Старик присудил лук младшему сыну князя, ибо он один, действительно, почитал отца, а старший и средний оказались бессердечными эгоистами, ни в грош не ставящими память о родителе. Сцена убедительно подчеркивает моральное превосходство младшего брата над старшими, его истинную человечность.
Разрешив и этот спор, старик-мудрец спросил, что еще у братьев является предметом конфликта. Старший брат сказал:
Перед смертью отец завещал:
«Камень драгоценный достанется тому из вас,
Кто не лгун, кто не врун». –
А мы все трое – не лгуны,
Не в наших обычаях лгать.
Тогда старик-мудрец спросил:
- Как выглядит ваш драгоценный камень?
Каков он: большой или малый?
- Не маленький, а выглядит так-то и так-то, –
Ответствовали в один голос старший и средний братья.
А младший спокойно стоит и молчит,
Слушает, что говорят старшие [2;39].
Старик отправляет каждого из братьев в отдельный дом, попросив сделать слепок драгоценного камня. «Старший сделал из глины лошадиную голову, средний – воловью, а младший даже не притронулся к глине»[2;40]. Слепки, как и ожидалось, не соответствовали оригиналу, который заранее был принесен старику:
Почему ты не сделал слепок?
Спросил старик у младшего.
- Я не знаю, как камень выглядит,
А врать я не могу, – ответил младший [2;40].
Камень, естественно, старик отдал младшему брату, как не способному лгать.
Как и в народных сказках, истинным носителем мудрости у Т.Табулова выступает представитель социальных низов. Эту мысль писатель специально подчеркивает в финале поэмы:
Вот так человек, который всю жизнь был батраком,
Разрешил то, что не могли разрешить князья и дворяне [2;40].
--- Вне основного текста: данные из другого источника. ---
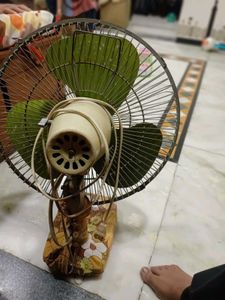 Vintage Desk Fan - Retro Charm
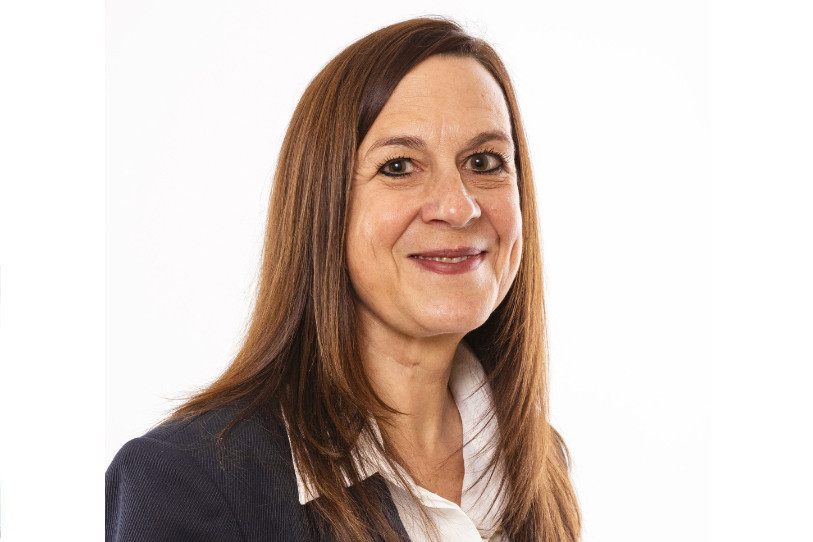 Aude Stampbach Aebischer est la nouvelle directrice du pôle Santé et Social du CPNE. (Photo : Julien Humbert-Droz / Chancellerie d’État).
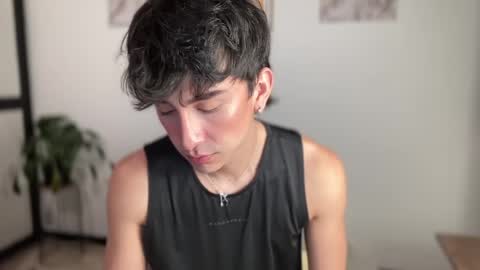 Andy  online show from May 7, 1:33 am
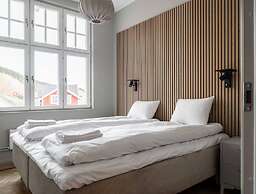 Tott Mountain Retreat – Ski-In, Ski-Out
Финальные строчки – тоже типическое место в сказке, употребляемое вне зависимости от ее реального содержания. Т.Табулов, как уже бывало не раз, сохраняет его, чтобы резче подчеркнуть социальную полярность персонажей произведения. Ведь в тексте поэмы нет даже намека на то, что спор братьев пытались разрешить князья или дворяне: они вовсе не упоминаются в «Старике-мудреце».
«Старик-мудрец» Т.Табулова, как уже сказано, – первая поэма в абазинской литературе. Она – сюжетно-повествовательная (эпическая) и другой не могла быть, ибо прямо и непосредственно выросла из фольклора, «не ведающего» психологического анализа событий и действий персонажа. Непреходящее значение ее в истории национальной литературы – в ее народности, в великолепном языке, в мастерстве повествования, в словарном богатстве лексики.
Поэма «Старик-мудрец» в значительной степени помогает решить теоретическую проблему, получившую определение «ускоренное развитие новописьменных литератур». Разгадывая тайну упомянутого ускоренного развития, ученые называют разные, в общем верные, соображения, но упускается из виду, что так называемые бесписьменные в прошлом народы обладали неисчерпаемым художественным богатством, вобравшим в свою орбиту не только собственный, но и иноэтнический опыт, что малые народы впитывали в себя духовную культуру многих народов, обогащая ею свою. Об этом, нам кажется, недвусмысленно говорит поэма Т.Табулова «Старик-мудрец».
Накопленные в веках богатства искусства слова, выразившие собой общечеловеческое содержание и художественные методы его выражения, способствовали, наряду с другими факторами, скорейшему овладению наиболее талантливыми представителями молодых литератур жанровой системой развитых словесных культур, адаптации в стихии родной речи «секретов» профессионального мастерства ведущих писателей старописьменных литератур.
ЛИТЕРАТУРА
- Котова Л.В., Чекалов П.К. Веселовский, Куприн, Соломон и сказки народов Кавказа // Актуальные проблемы общей и адыгской филологии. – Майкоп, 1999. – С.176
- Табулов Т.З. Старик – мудрец // Малхозов М., Меремкулов Н. Хрестоматия по литературе, 2 ч., для 4 кл. начальной школы. – Черкесск, 1940.- С. 37-42. – на абазинском языке.